Although she was not conscious of it at the time, Easton, who is the youngest of six children, said her siblings' diverse tastes helped her to develop an appreciation for all types of music. "It did serve me well," she said, during a recent telephone interview.

Easton, who rose to fame in the early '80s, remains the only recording artist to score Top-10 singles on the five major U.S. Billboard singles charts, including pop, country, dance, adult contemporary and R&B. It was a feat she accomplished amid recording multiple hits in the United States and the U.K., performing popular duets with Kenny Rogers and Prince, and lending her voice to a James Bond movie theme song, "For Your Eyes Only," which also became a Top-10 U.S. hit.

Easton, 54, who has been living in Las Vegas for about 13 years, continues to perform. However, these days, she said she prefers a quieter pace to the whirlwind she found herself earlier in her career. She still travels to venues around the world, but keeps her appearances to one or two weekends a month. It affords her time with her two teenage children and allows her to savor her appearances.

"At this point, I do it because I love to do it," she said.

Easton will be making just such a stop in Fairfield on Friday, Feb. 14, when she performs at the Edgerton Center for the Performing Arts at Sacred Heart University. Given a body of work that includes such hits as "Morning Train (Nine to Five)," "Strut" and "The Lover in Me," Easton said she expects to perform the songs people know and love.

"But I will also do some of the songs that influenced me when I was coming up (in my career) and had an impact on me personally while I was growing up."

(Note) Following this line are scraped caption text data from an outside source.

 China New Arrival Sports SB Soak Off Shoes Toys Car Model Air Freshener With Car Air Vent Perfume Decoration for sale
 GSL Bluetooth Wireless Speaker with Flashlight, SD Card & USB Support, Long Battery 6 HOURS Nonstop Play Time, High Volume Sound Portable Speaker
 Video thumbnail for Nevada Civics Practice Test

Easton's career stretches back to the late 1970s when she was attending the Royal Scottish Academy of Music and Drama on scholarship. She also was performing with the band Something Else, at local night spots and weekend gigs.

"It was a wedding band, you know, we would sing in local bars and nightclubs," she said.

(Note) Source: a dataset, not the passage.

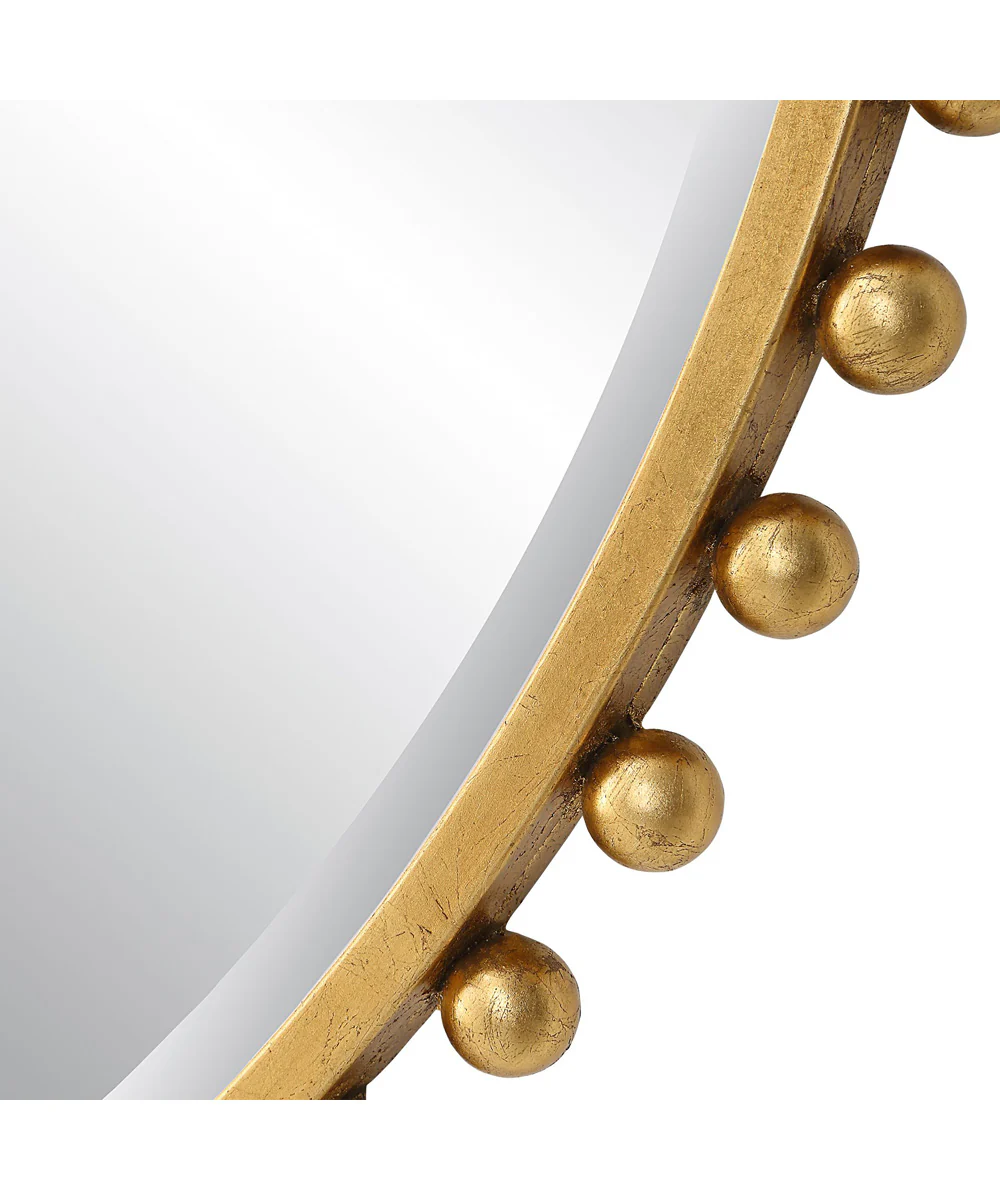 Taza Gold Round Mirror - Image 4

She said the gigs proved to be their own learning experience, as there was "no such thing as a rehearsal." The group quickly learned the hits of the day and were prepared to perform them, sometimes in just a couple days time.

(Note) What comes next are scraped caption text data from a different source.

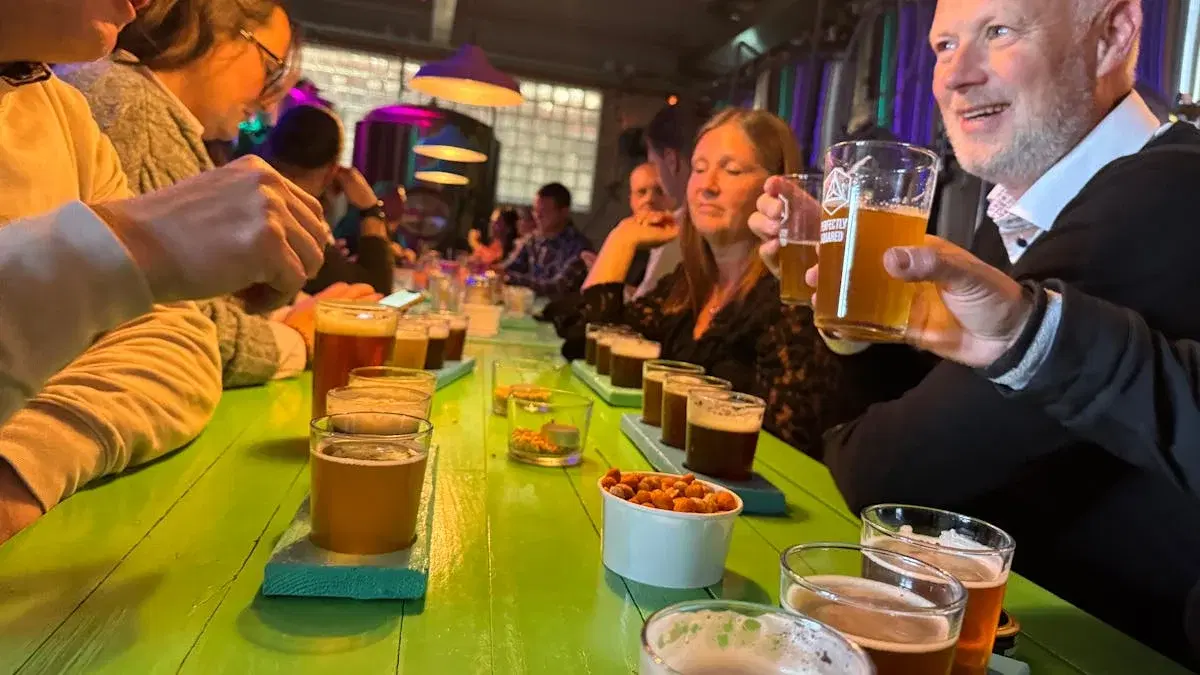 Ölprovning med bryggerivisning och Gårdsförsäljning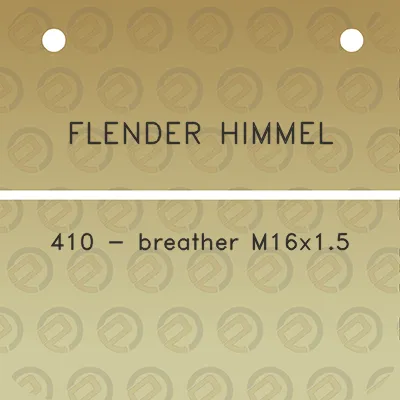 flender-himmel-410-breather-m16x15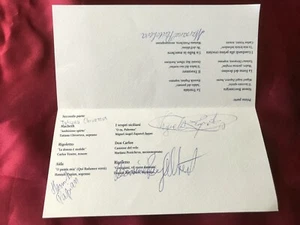 5 Autographs OPERA HOUSE "LA SCALA" Milano-HASMIK PAPIAN-Donnie Ray Albert+3 - Picture 1 of 5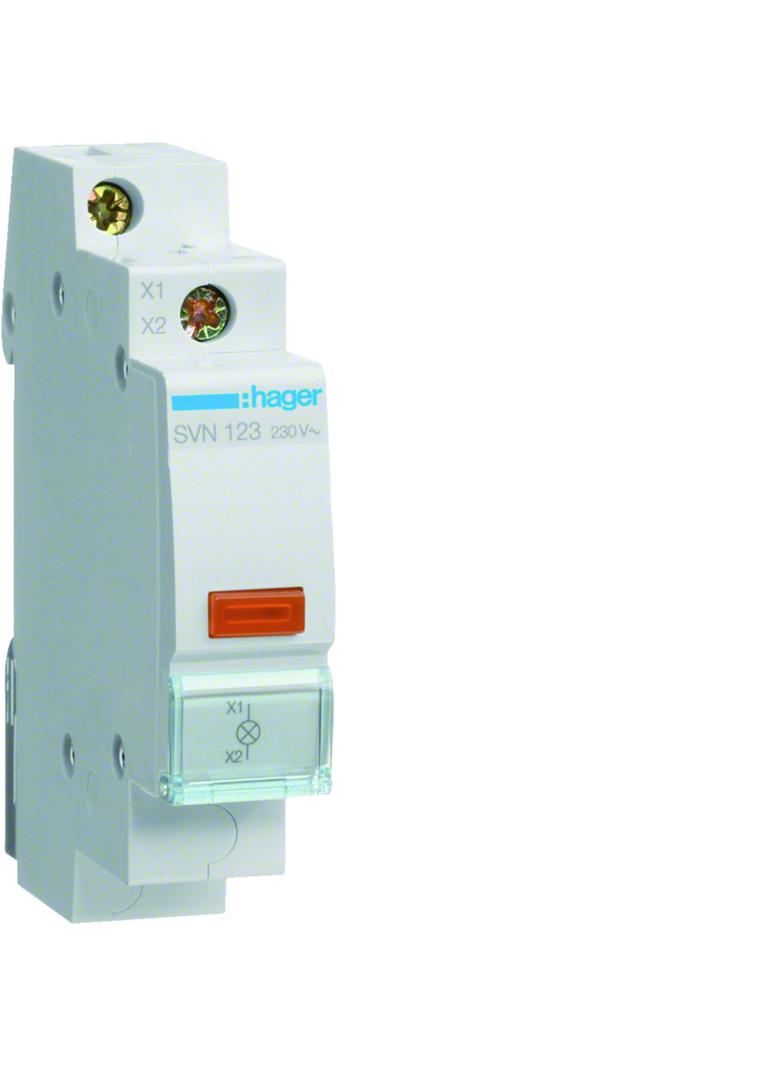 Lampka sygnalizacyjna LED pomarańczowa 230VAC SVN123 HAGER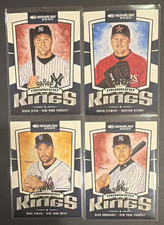 Donruss 2005 Diamond Kings 4-Card Lot Jeter Clemens Piazza Rodriguez #14-17 picture
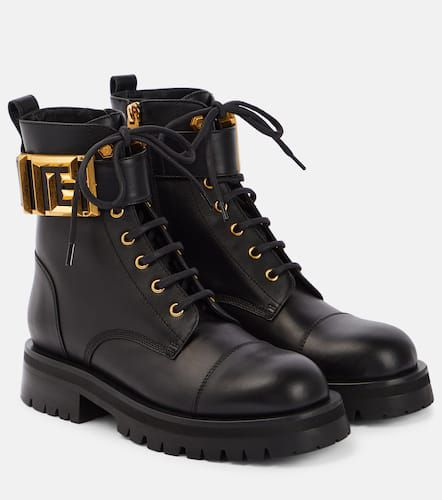 Balmain Romy leather lace-up boots - Balmain - Modalova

"It taught me to learn on my feet ... and to focus on the music, not just yourself," she said.

However, it was ultimately an appearance on the BBC show "The Big Time: Pop Singer," that would launch Easton's career. After it aired in 1980, two of her singles, "Modern Girl" and "9 to 5" (which would become "Morning Train" in the U.S.) got into the U.K. Top 10, and the rest, as they say, is history.

Easton, a Grammy winner who has sold millions of records worldwide, last released an album, "Fabulous," in 2001. She said she occasionally thinks about recording new material.

"But I wouldn't be looking to put an album out in the pop market," she said, adding that she would likely explore the classics or standards, something she did in 1993 with "No Strings."

Last month, she performed with the Calgary Philharmonic Orchestra and is set to perform a James Bond-themed program with the San Diego Symphony in May.

For now, she said she is simply enjoying a schedule that affords plenty of time for fans, family and future projects.

"I'm not out to promote a new album ... which is what I did way back when I started," she said. "Now, I work when I want to work, and that's the best kind of work."